▶ PROBLEM TO WORK ON
Using the records below, quote only the span that opens with the line containing "浓眉半场表现抢眼19分钟内高效砍下17分助球队争胜" and closes with the line containing "9421 Sunshine Grove", exactly and inclusively.

▶ LISTED RECORDS

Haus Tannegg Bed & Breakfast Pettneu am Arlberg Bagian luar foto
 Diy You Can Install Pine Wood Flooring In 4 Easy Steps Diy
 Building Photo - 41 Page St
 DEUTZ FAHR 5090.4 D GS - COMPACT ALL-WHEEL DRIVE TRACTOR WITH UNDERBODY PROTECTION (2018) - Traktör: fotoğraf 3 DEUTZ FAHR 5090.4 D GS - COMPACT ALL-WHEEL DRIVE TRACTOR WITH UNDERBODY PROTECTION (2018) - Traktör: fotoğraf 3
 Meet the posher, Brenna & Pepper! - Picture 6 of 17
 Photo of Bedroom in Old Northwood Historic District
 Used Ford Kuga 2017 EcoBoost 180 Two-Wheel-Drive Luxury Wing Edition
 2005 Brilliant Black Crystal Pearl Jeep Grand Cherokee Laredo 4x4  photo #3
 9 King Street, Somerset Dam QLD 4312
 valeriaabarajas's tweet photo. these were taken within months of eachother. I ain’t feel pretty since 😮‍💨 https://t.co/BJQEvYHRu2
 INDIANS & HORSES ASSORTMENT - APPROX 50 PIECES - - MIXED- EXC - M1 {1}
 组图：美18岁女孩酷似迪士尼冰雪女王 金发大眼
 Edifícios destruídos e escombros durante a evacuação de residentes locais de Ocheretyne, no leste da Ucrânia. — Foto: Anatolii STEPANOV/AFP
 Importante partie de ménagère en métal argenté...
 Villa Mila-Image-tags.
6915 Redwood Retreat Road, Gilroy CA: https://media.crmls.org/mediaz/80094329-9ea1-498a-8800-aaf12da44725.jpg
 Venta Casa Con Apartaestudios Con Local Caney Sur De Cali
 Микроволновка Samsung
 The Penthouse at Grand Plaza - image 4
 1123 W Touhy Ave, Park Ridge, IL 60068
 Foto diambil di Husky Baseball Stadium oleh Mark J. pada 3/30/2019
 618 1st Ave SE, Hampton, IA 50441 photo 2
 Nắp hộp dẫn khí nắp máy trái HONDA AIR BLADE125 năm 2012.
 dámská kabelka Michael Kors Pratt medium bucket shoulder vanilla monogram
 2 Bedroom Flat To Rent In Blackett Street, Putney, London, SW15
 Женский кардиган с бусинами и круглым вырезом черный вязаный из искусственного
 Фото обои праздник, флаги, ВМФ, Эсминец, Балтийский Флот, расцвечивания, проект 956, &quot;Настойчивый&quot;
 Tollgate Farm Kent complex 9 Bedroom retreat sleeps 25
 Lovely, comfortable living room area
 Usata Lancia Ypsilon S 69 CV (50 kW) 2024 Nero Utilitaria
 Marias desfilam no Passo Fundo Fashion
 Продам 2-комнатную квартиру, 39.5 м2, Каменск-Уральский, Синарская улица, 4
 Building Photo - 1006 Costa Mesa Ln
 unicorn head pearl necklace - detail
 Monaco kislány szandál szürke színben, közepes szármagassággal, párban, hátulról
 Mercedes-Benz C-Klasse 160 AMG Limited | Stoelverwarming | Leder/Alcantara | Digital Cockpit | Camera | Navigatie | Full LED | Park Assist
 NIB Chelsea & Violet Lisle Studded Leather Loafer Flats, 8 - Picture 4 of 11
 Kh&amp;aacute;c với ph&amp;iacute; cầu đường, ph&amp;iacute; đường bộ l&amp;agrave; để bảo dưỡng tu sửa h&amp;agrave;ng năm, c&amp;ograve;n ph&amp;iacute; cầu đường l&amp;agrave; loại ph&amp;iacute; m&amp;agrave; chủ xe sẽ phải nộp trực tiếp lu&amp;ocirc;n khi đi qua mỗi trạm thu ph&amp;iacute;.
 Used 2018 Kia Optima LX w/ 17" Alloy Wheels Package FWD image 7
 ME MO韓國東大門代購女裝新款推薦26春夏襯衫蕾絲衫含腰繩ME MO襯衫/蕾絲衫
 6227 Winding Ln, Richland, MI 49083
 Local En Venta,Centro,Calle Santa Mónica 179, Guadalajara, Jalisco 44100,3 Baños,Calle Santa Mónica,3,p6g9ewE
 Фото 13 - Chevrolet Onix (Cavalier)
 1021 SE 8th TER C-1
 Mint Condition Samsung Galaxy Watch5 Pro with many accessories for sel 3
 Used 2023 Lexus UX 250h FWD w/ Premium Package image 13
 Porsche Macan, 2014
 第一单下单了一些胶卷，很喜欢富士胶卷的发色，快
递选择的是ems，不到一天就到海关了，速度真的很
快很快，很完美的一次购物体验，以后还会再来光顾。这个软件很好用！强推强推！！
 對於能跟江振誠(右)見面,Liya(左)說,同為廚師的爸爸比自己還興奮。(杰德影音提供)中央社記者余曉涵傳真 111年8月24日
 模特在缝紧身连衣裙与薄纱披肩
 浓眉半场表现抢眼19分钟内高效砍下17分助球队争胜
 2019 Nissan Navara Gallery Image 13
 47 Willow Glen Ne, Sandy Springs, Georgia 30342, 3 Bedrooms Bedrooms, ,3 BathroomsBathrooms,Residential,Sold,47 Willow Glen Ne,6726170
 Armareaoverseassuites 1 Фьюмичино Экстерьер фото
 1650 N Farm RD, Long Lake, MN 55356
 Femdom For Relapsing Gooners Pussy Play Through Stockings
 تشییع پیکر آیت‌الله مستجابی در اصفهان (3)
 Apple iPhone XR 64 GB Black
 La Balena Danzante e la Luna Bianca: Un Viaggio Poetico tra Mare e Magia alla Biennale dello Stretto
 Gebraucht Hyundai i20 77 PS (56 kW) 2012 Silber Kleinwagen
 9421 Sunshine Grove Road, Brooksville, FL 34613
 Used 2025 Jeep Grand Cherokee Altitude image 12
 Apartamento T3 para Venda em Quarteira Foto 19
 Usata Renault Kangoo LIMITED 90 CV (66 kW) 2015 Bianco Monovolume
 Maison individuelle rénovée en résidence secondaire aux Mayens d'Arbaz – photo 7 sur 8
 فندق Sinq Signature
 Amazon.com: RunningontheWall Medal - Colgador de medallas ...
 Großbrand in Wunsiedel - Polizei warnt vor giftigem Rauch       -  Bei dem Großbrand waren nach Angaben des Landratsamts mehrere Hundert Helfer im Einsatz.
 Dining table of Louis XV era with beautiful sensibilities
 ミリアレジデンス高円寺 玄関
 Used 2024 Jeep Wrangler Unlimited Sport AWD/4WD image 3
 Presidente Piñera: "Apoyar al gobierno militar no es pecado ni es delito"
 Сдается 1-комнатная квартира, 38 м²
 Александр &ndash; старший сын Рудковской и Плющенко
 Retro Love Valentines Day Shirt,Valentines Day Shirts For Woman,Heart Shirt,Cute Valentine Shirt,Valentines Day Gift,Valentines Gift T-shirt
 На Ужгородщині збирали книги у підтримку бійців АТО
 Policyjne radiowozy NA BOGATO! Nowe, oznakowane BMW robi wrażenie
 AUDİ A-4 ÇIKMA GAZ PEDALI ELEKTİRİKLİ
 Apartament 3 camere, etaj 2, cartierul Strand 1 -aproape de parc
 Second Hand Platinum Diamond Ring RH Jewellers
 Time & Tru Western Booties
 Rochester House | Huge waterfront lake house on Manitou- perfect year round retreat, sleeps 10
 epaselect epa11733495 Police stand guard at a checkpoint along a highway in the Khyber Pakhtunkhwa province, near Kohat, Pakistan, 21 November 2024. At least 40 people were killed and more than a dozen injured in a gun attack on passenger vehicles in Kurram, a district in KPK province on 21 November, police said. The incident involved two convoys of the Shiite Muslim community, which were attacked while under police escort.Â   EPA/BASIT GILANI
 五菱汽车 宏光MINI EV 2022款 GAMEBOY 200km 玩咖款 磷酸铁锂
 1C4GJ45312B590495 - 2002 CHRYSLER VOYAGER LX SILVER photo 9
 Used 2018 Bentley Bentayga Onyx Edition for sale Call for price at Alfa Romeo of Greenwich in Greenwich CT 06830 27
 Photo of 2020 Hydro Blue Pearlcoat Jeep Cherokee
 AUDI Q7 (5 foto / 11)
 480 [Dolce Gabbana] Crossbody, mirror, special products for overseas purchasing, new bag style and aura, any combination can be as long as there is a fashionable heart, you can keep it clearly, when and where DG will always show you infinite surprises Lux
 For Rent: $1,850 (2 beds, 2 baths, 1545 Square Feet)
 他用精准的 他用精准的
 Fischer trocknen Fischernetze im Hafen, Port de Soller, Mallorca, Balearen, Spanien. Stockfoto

▶ SOLUTION
 浓眉半场表现抢眼19分钟内高效砍下17分助球队争胜
 2019 Nissan Navara Gallery Image 13
 47 Willow Glen Ne, Sandy Springs, Georgia 30342, 3 Bedrooms Bedrooms, ,3 BathroomsBathrooms,Residential,Sold,47 Willow Glen Ne,6726170
 Armareaoverseassuites 1 Фьюмичино Экстерьер фото
 1650 N Farm RD, Long Lake, MN 55356
 Femdom For Relapsing Gooners Pussy Play Through Stockings
 تشییع پیکر آیت‌الله مستجابی در اصفهان (3)
 Apple iPhone XR 64 GB Black
 La Balena Danzante e la Luna Bianca: Un Viaggio Poetico tra Mare e Magia alla Biennale dello Stretto
 Gebraucht Hyundai i20 77 PS (56 kW) 2012 Silber Kleinwagen
 9421 Sunshine Grove Road, Brooksville, FL 34613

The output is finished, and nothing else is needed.